### WHAT TO PRODUCE
Lines from the one containing "Small Cone with Lid" to the end of the records, both ends included and exactly as written, are the whole answer, and no pictures go in it.

========================================================================

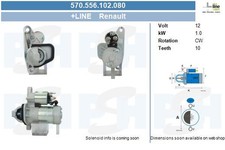 New Starter for NISSAN RENAULT:JUKE,KADJAR,X-TRAIL,CLIO IV,FLUENCE S114902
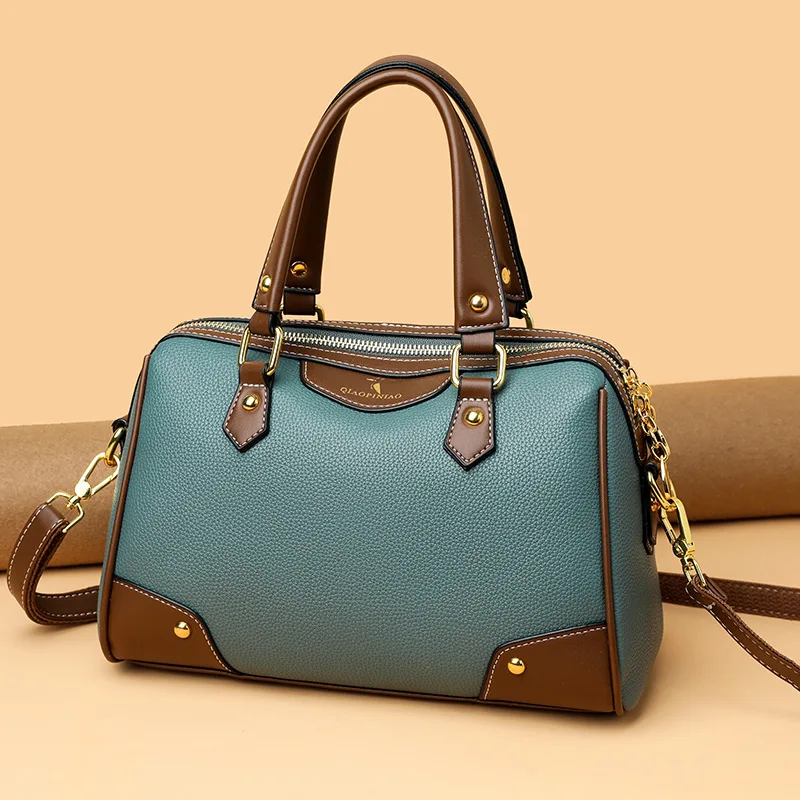 Nowe proste modne torebki damskie torby na ramiฤ o duลผej pojemnoลci 2023 nowe torby Crossbody ze skรณry Pu
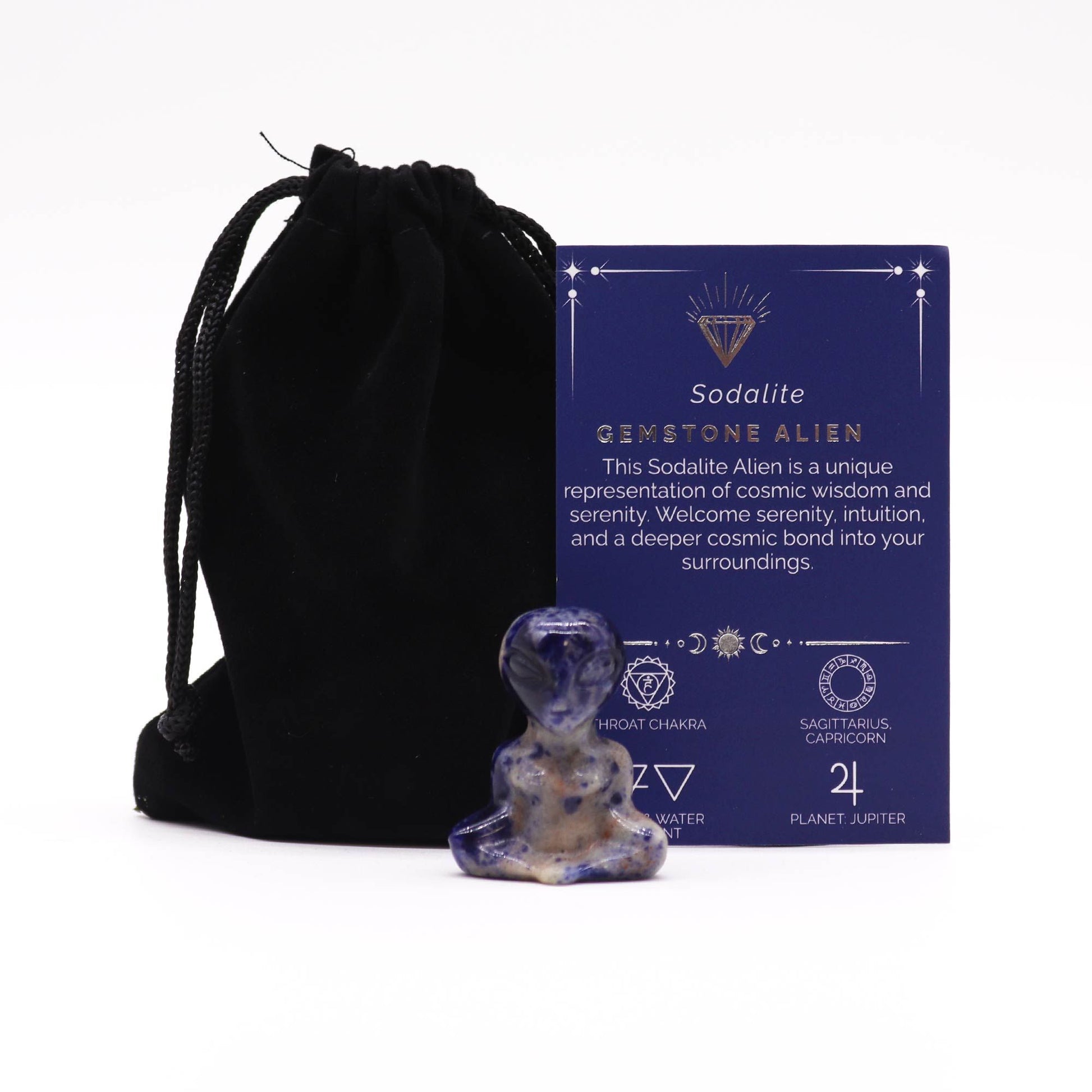 Gemstone Alien – Sodalite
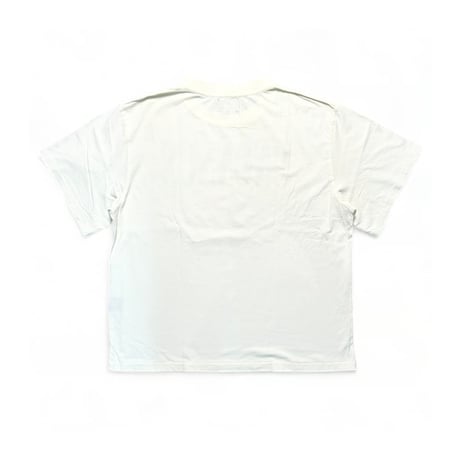 【ラスト1点】 unconscious / BAPHOMET FLIGHT T-SHIRT / BONE WHITE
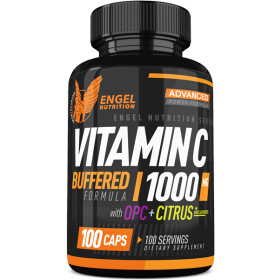 Engel Nutrition Vitamin C 1000 Buffered - 100 Kapseln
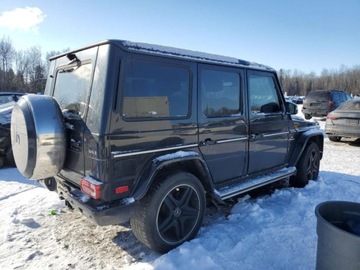 Mercedes Klasa G W461 2017 Mercedes-Benz Klasa G 63 AMG 2017 5.5l 5.5 Benzyna 563KM, zdjęcie 3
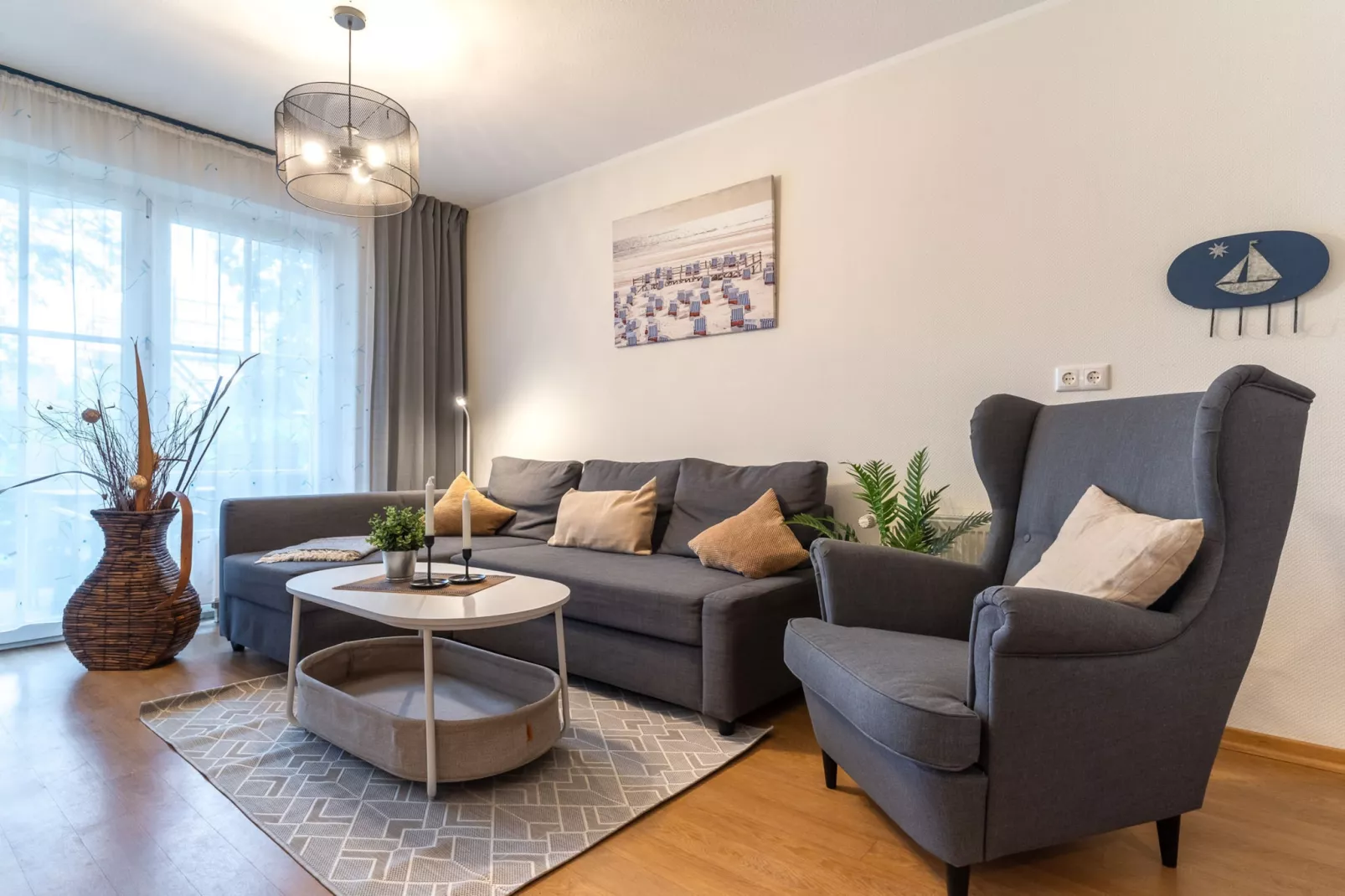 LiMa Whg Schnarchstuv dree - Woonkamer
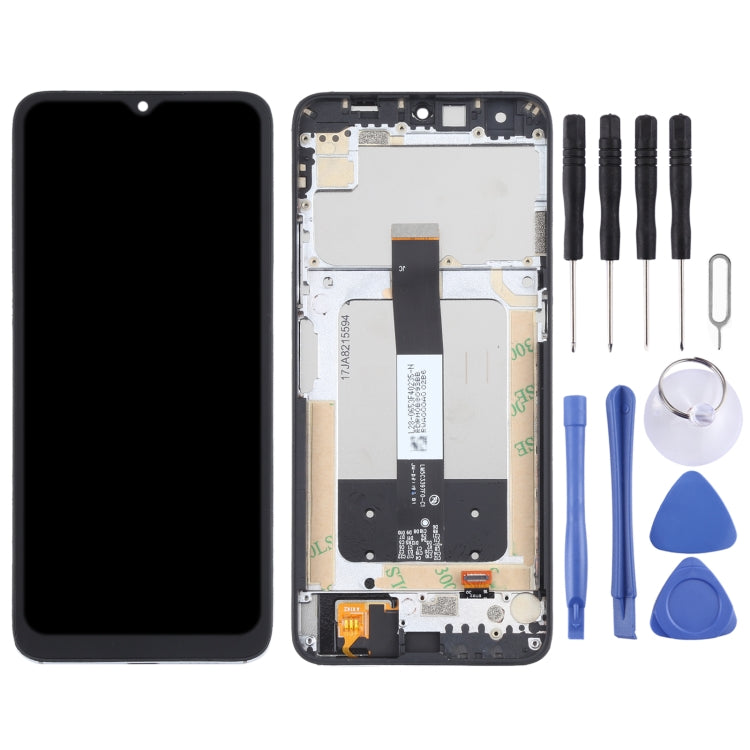 LCD Screen and Digitizer Full Assembly With Frame for Umidigi A11(Black) - free shipping - PMC TechLife - Order now!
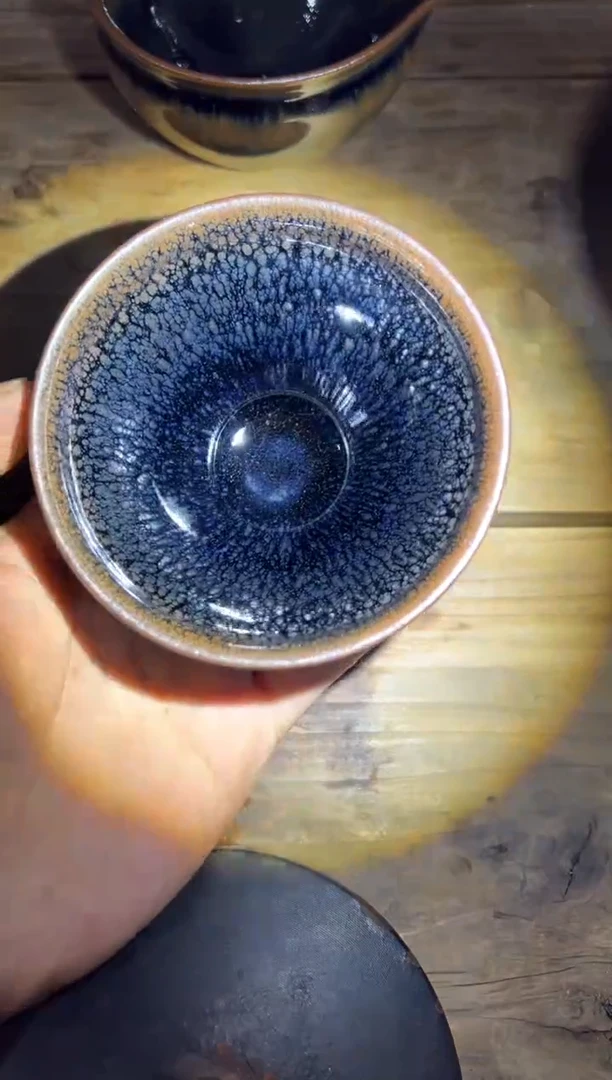 茶盏老木头精选柴烧398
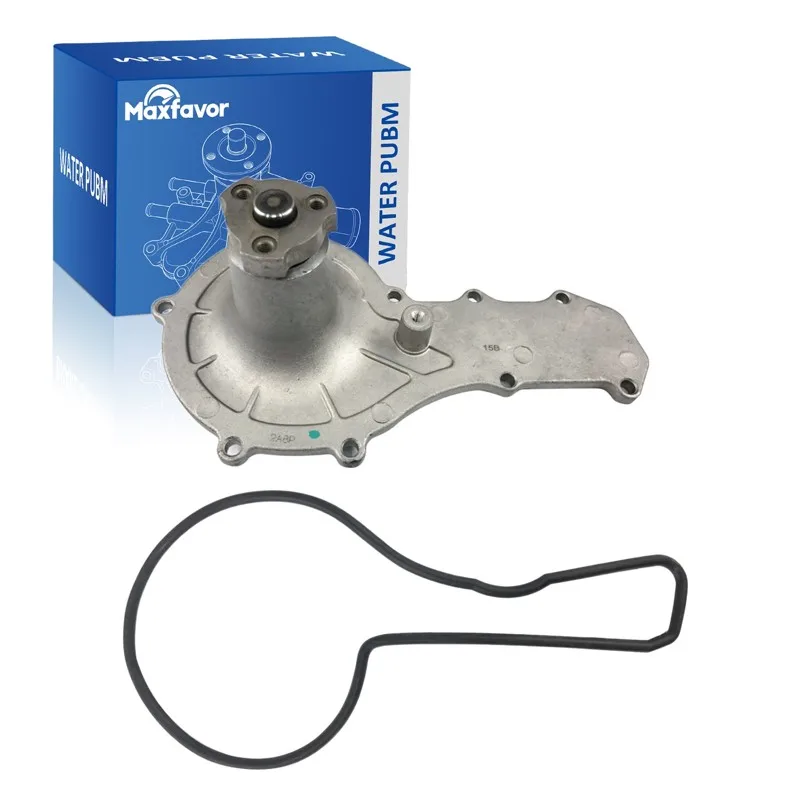 Maxfavor Aw7122 Cooling Engine Water Pump Fit for 1989 Dodge Dakota / Caravan / Spirit / Dynasty / Grand Caravan I2.5L, 1989 Lancer / Daytona / Shadow / Aries I2.2L/2.5L, 1989 Omni I2.2L, for 1989 Chrysler Lebaron / Daytona I2.2L/2.5L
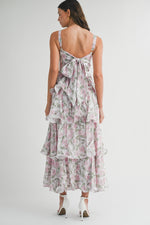 Sweet Surprise Maxi- Pink Floral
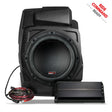 2020-2024 Polaris® RZR Pro Under-Dash 10" Ported Subwoofer Add-On for Ride Command SSV Works / Kicker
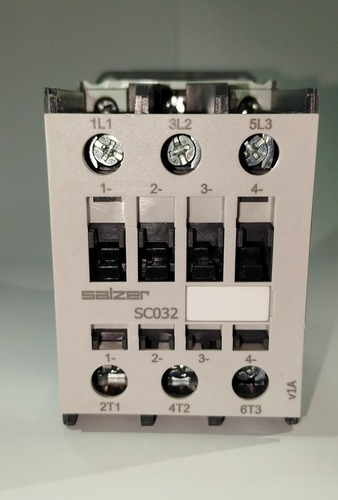 CONTACTOR 32A 3POLE SC032P30 - SALZER
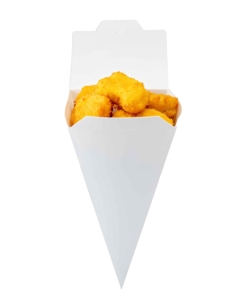Small Cone with Lid
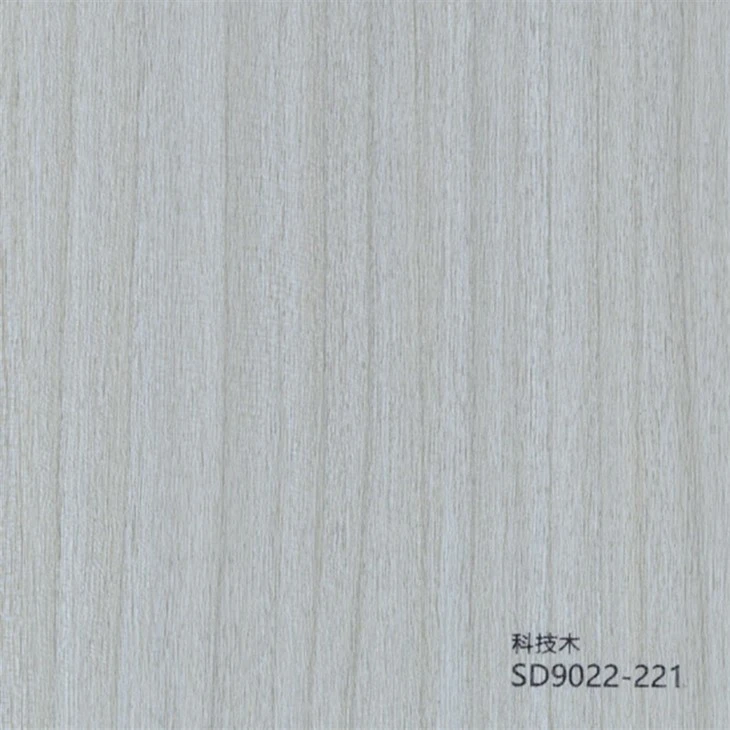 Laminated PVC Wooden Grain Film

========================================================================

### ANSWER SECTION
Small Cone with Lid
 Laminated PVC Wooden Grain Film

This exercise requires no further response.